American strategists also feared the effects in France itself of a French defeat in Indochina. Might a loss cause Western-oriented moderates to lose their grip on power in Paris and enhance the prestige of the Soviet-supported French Communist Party (FCP), maybe even bring that party to power? The thought made US officials shudder, and made them reluctant to quibble with Paris over its pursuit of a military solution. True, these men acknowledged, Stalin showed only modest interest in fomenting revolution in France and, indeed, kept the FCP at arm’s length, but this was only because he sought to avoid an international crisis while the future of Germany remained an open question; once that issue was resolved, he would surely turn his focus to France.
Yet senior officials were loath to simply throw US support behind the French war effort. It was too much a colonial affair.

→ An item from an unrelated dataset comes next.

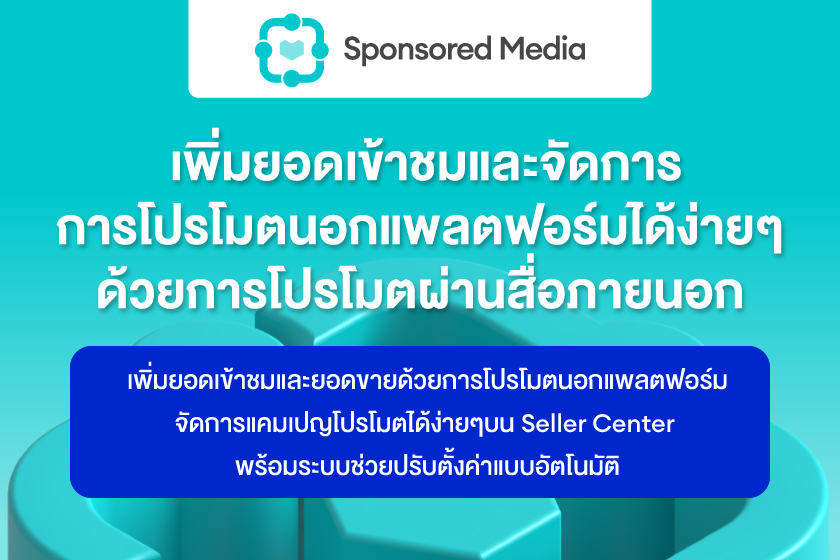 TH_S_Media_Slide-Banner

Harry Truman’s team ruled out direct assistance to the military campaign and told Paris planners that any attempt to retake Vietnam by force of arms would be wrongheaded. At the same time, the administration knew full well that a sizable chunk of the unrestricted US economic assistance to France ($1.9 billion between July 1945 and July 1948) was being used to pay war costs. In this way, though American leaders declared themselves to be neutral in the conflict, theirs was a neutrality that tilted toward the European ally. French messages were always answered, while those from Ho Chi Minh - who had modeled his declaration of independence on the American version of 1776, and several times in 1945-46 pleaded for US help - were ignored.
And so, the Vietminh fought alone, largely isolated in non-Asian world opinion. The French had a massive superiority in weapons and could take and hold any area they really wanted. But they were fighting far fTom home and could never deploy sufficient numbers of troops to secure effective control. The war quickly reached a stalemate. The French dominated the cities and towns but were unable to extend their control to the villages and countryside, where most Vietnamese lived and where the Vietminh had broad popular support. It soon became clear that the French would have difficulty achieving victory by conventional military means. Far-reaching political concessions to a Vietnamese government - involving the transfer of genuine executive and legislative authority - would be essential to achieving early pacification, yet successive French governments were unwilling to grant such concessions.
In June 1948, the French did go partway, facilitating the creation of the first central government for Vietnam in opposition to Ho Chi Minh’s DRV. Rightly seen by most Vietnamese as largely a French creation, it marshaled little national support. In March 1949, the French struck another deal, this time with Bao Dai, the former Vietnam emperor who had abdicated in 1945. Under this deal, Vietnam was brought into the French Union without reference to the wishes ofHo Chi Minh. Real power, however, remained in French hands. The same was true in Laos and Cambodia, whose monarchs agreed in 1948 to bring their respective countries into the French Union. Together, the three formed the Associated States of Indochina (les Etats Associes de l’Indochine).